Chromatin Accessibility Assay
ATAC-seq was performed as described previously (44). Briefly, nuclei preparation was generated by resuspension of 25,000 or 50,000 sorted cells in nonionic lysis buffer [10 mmol/L Tris pH 7.4,10 mmol/L NaCl, 3 mmol/L MgCl2, 0.1% (v/v) Igepal CA630]. Transposition reaction was performed by using the Tn5 Transposase Nextera Kit at 37°C for 30 minutes. Transposed DNA was further amplified by PCR, and the generated libraries were purified using Agencourt AMPure XP (Beckman Coulter). Library quality was controlled by using a Bioanalyzer High-Sensitivity DNA Analysis Kit (Agilent). Paired-end 75-bp sequencing was performed using a NextSeq 500/500 150 Cycles Kit at the USC Molecular Genomics Core or CHLA Molecular Pathology Genomics Core. Sequencing reads were trimmed for Nextera adapter sequences with trimgalore and mapped to hg19 reference using Bowtie2 v2.2.8 (45) with parameters -X 2000 –fr –no-discordant –no-mixed –minins 38. Only nonmitochondrial reads with a minimum mapping quality score (≥30) were kept for the downstream analysis. Duplicate reads were removed using Picard. All mapped reads were offset by +4 bp for the positive strand and −5 bp for the negative strand (46). The reads mapping to the promoter regions (±2.5 Kb of TSS) of all annotated hg19 genes were counted and the top 1K variable sites across samples were used to generate the PCA plot. Accessible sites were identified for each sample using MACS2 (47) with parameters -q 0.01 –shift -100 –extsize 200 –nomodel –nolambda. Peaks intersecting with the ENCODE-blacklisted regions were removed. For differential analysis, overlapping peaks across conditions were merged using BEDtools (48) to obtain a union set, and reads aligning to this set were counted using featureCounts (49). Differentially accessible peaks were then identified from this union set using DESeq2 (41). The number of reads mapping to the promoter region (±2.5 Kb of TSS) of annotated hg19 genes was quantified and the top 1K variable sites were selected for the PCA after the variance stabilizing transformation. The accessibility plots were generated on the basis of the normalized number of Tn5 insertions after pooling the individual groups separately (all the brain metastatic libraries together, etc.).

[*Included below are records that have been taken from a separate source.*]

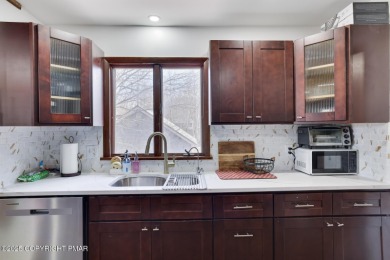 Nestled in the heart of a highly desirable four-season community on The Hideout Golf in Pennsylvania - for sale on GolfHomes.com, golf home, golf lot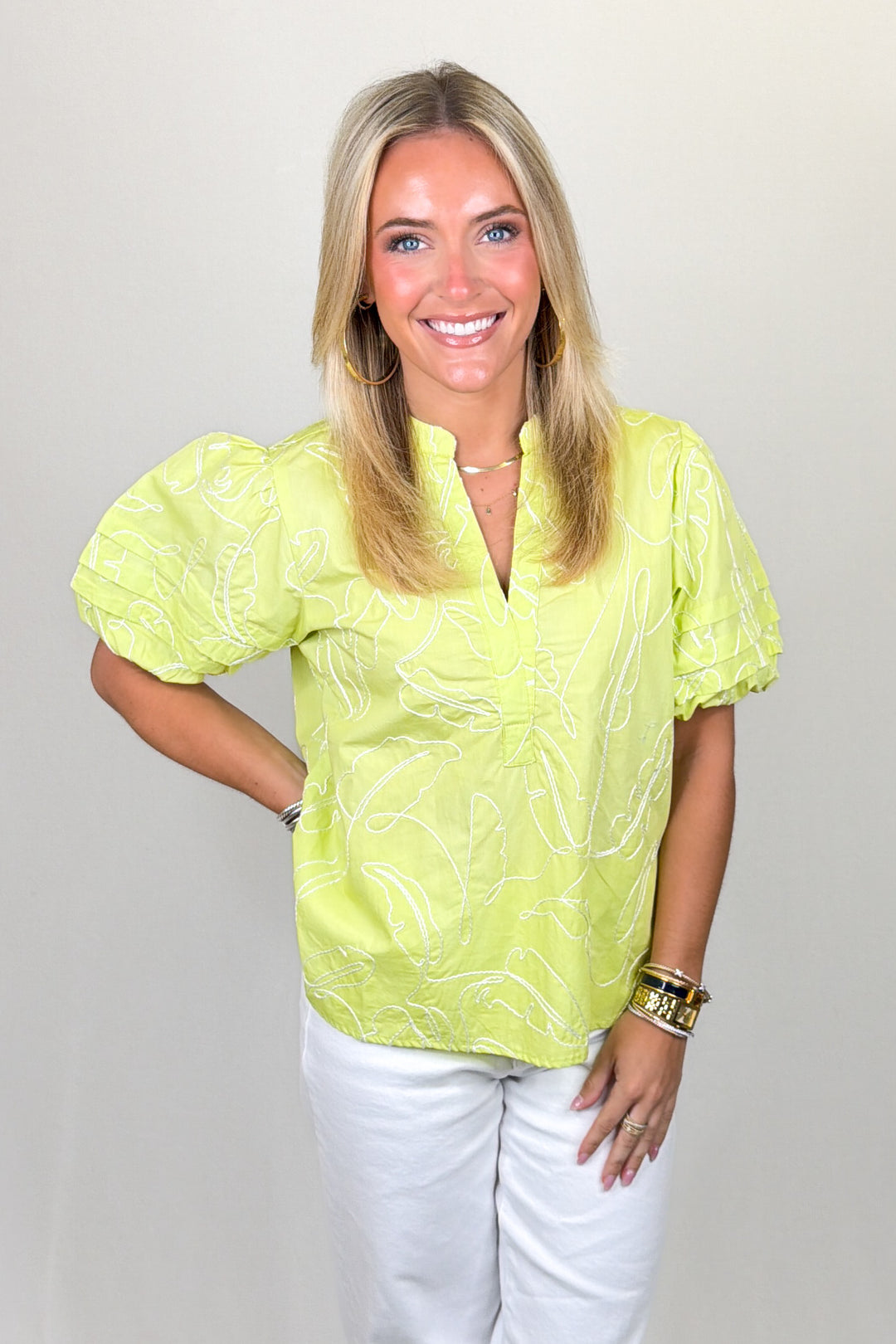 Light green textured top with puff sleeves, split neckline, and subtle tonal embroidery, featuring a relaxed fit and lightweight feel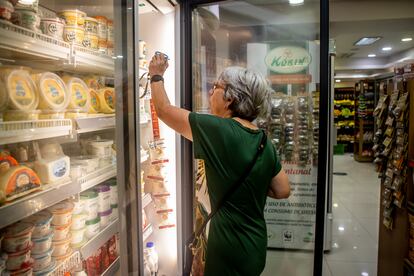 Una mujer elige productos refrigerados en una tienda Korin. 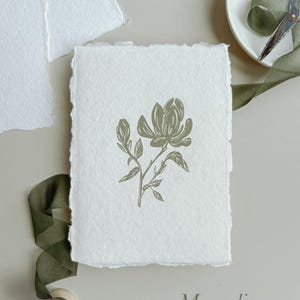 May include: A handmade paper card with a magnolia flower illustration in olive green. The card has a deckled edge and the word "Magnolia" is printed at the bottom. A green ribbon and a wooden spool are visible.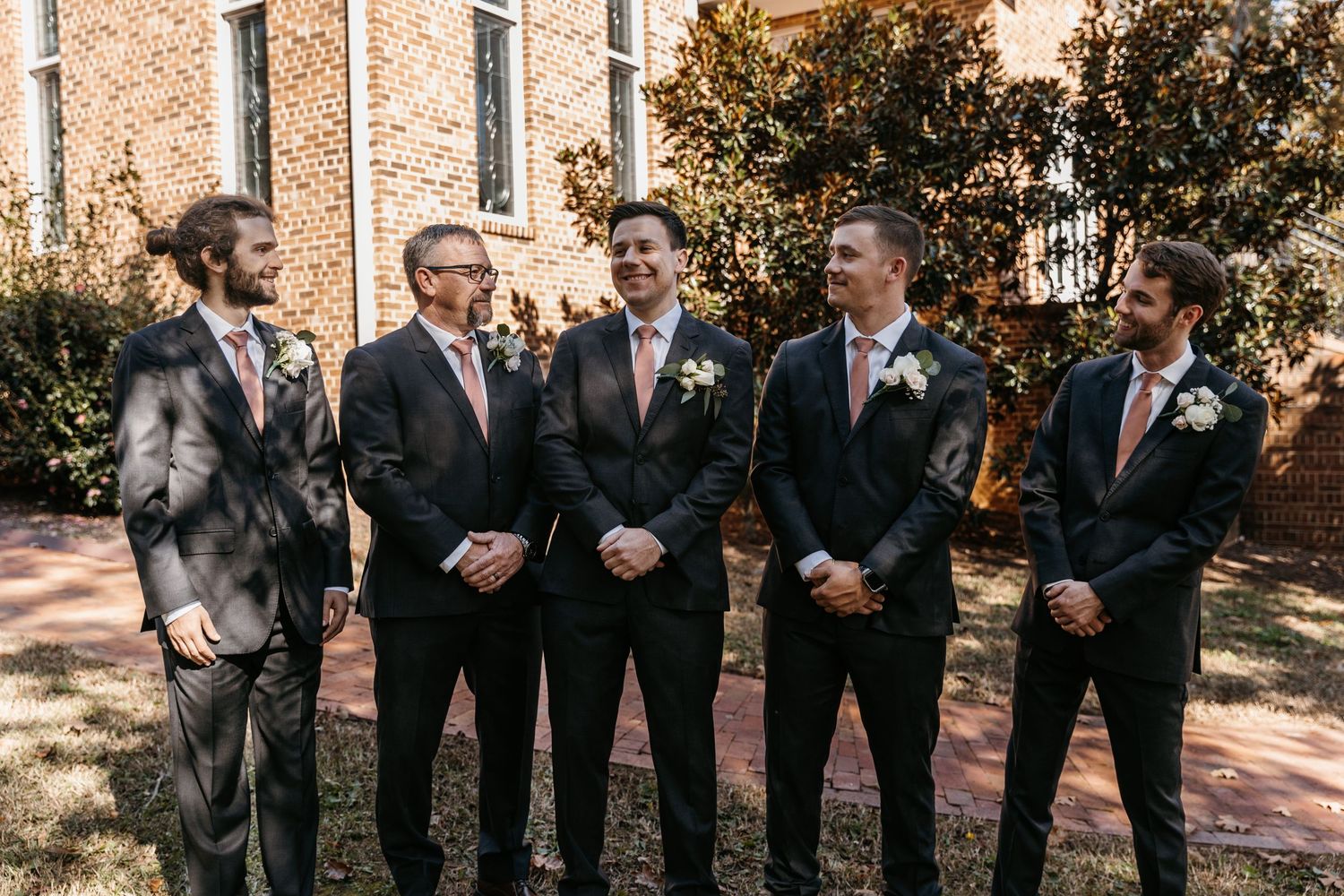 Groomsmen in dark suits with coral ties standing together outdoors.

In Vitro BBB Transmigration Assays
In vitro BBB was composed with HBMECs (50,000 cells per well) in coculture with human pericytes (100,000 cells per well) and astrocytes (50,000 cells per well). Artificial BBB was formed for 3 days on a transwell insert with 3-μm membranes coated with gelatin and poly-l-lysine. Three days later, permeability to serum albumin was tested. In the top chamber, 500 μL of Evans blue–conjugated albumin (0.45% in phenol-free media) was added and incubated for 30 minutes at 37°C. Absorbance of medium from the bottom chamber was measured at 620 nm. For BBB penetration assays, GFP+ cancer cells (10,000 cells per well) were allowed to transmigrate for 48 hours toward an FBS gradient. Transmigrated tumor cells were quantified in the bottom chamber and in the bottom side of the culture insert. The inserts were washed in PBS once and fixed in 3.7% PFA for 15 minutes. Cells were made permeable with 0.1% Triton X-100 in PBS for 10 minutes, blocked with 5% goat serum (Invitrogen) in PBS with 0.1% Tween 20 for 1 hour at room temperature, and then incubated with GFP primary antibody (ab13970, Abcam) diluted 1:500 in 5% goat serum in PBS overnight at 4°C. Goat anti-chicken Alexa 488 secondary antibody (A-11039, Life Technologies) was used at a dilution of 1:500 in 5% goat serum in PBS with 0.1% Tween 20 for 1 hour at room temperature. The membranes from the insert were mounted on a microscope slide. For each experiment, images from 3 to 5 inserts were taken and the number of GFP+ tumor cells was quantified with 20× objective using Hybrid Cell Count software (BZ-II Analyzer, Keyence). Transmigrated tumor cells in the bottom chamber were counted using 20× objective.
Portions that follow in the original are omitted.